IMAGE-ALCHEMY: Advancing subject fidelity in personalised text-to-image generation
Amritanshu Tiwari, Cherish Puniani, Kaustubh Sharma, Ojasva Nema
TL;DR
The paper tackles the problem of personalizing diffusion-based text-to-image models to novel subjects using very few reference images, which often leads to catastrophic forgetting and high computational cost. It introduces Image-Alchemy, a two-stage pipeline that first learns a subject-specific, low-rank LoRA adaptation on SDXL's attention layers using rare placeholder tokens, and then inserts the subject into a generic SDXL-generated scene via a segmentation-guided Img2Img step. Key contributions include a token- and LoRA-based personalization framework, a segmentation-driven subject replacement, and empirical evidence showing a DINO similarity of 0.789 for the personalized subject with minimal degradation to the rest of the image.

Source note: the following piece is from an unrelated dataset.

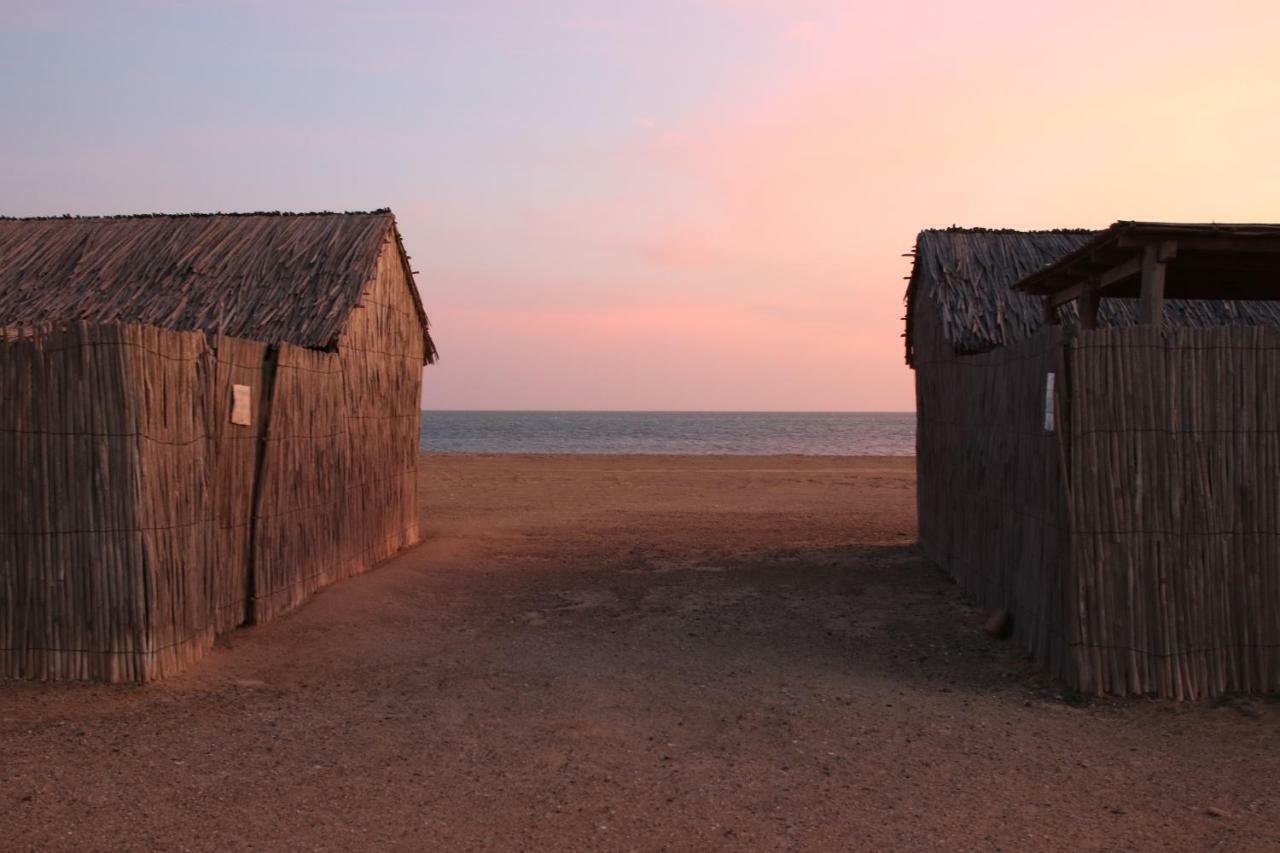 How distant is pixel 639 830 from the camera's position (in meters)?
4.63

The approach preserves the base model’s broad generative capabilities while enabling high-fidelity subject integration, offering a practical and efficient path toward robust personalization in diffusion models.
Abstract
Recent advances in text-to-image diffusion models, particularly Stable Diffusion, have enabled the generation of highly detailed and semantically rich images. However, personalizing these models to represent novel subjects based on a few reference images remains challenging. This often leads to catastrophic forgetting, overfitting, or large computational overhead.We propose a two-stage pipeline that addresses these limitations by leveraging LoRA-based fine-tuning on the attention weights within the U-Net of the Stable Diffusion XL (SDXL) model. First, we use the unmodified SDXL to generate a generic scene by replacing the subject with its class label. Then, we selectively insert the personalized subject through a segmentation-driven image-to-image (Img2Img) pipeline that uses the trained LoRA weights.This framework isolates the subject encoding from the overall composition, thus preserving SDXL's broader generative capabilities while integrating the new subject in a high-fidelity manner. Our method achieves a DINO similarity score of 0.789 on SDXL, outperforming existing personalized text-to-image approaches.